16.12.16

Fortini, tanto per parlare (S.L.L. - stato di fb)


Se, tanto per parlare, si ragiona di quale sia il vertice del Fortini saggista, il punto più alto della sua ricerca, c'è imbarazzo nella scelta e forse a noi, sessantottini, il primo titolo che viene in mente è "Verifica dei poteri". Fu un libro di cui ci nutrivamo, leggendolo insieme agli "Scrittori e popolo" di Asor Rosa che ne era, come dire?, il fratello-coltello.
I più letterati forse risaliranno indietro, ai "Dieci inverni", fratello questo del "Diario in pubblico" di Vittorini. "Dieci inverni" è il libro che con più intensità, cioè con un sovrappiù di ragione e di passione, racconta il disfiorire delle speranze della Resistenza. Se, da quel libro, mi capita di rileggere lo straordinario resoconto di un discorso di Nenni, che risale al 54, non so frenare la commozione. Colpa della mia fragilità emotiva, certo, della mia inclinazione alla nostalgia, ma è forte la complicità della scrittura. In quegli anni non era ancora segnata dall'affanno nella ricerca di interlocutori (di "compagni") e vi senti, a palpitare e diffondere calore, quel "noi" di cui anche tu, in tempi diversi, hai visto balenare il fantasma e che ti manca.

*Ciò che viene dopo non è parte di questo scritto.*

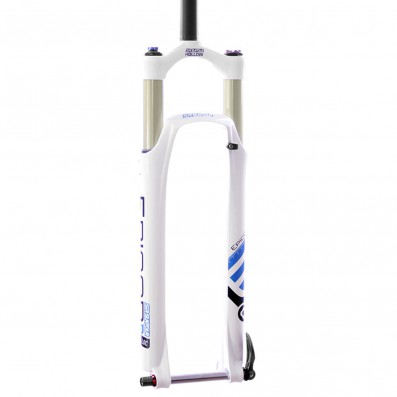 Vidlice Suntour Epicon LO 29 R lite 15QLC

Si citeranno forse, nella ricerca del migliore Fortini, altri titoli, le "Questioni di frontiera" per esempio, o le petulanti "Insistenze" degli anni 80. Ma alla fine in tanti si converrà che il libro più bello è anche il più duro, il meno disponibile a una utilizzazione gastronomica, è l'"Ospite ingrato", il primo "Ospite ingrato" per la precisione, che, esattamente 50 anni fa, nel 66, espresse con il massimo di clamore il "no" di Fortini, il radicale rifiuto di adeguarsi, l'inguaribile fedeltà a quel "sogno di una cosa" che spetta ai compagni, ovunque siano, tradurre in realtà.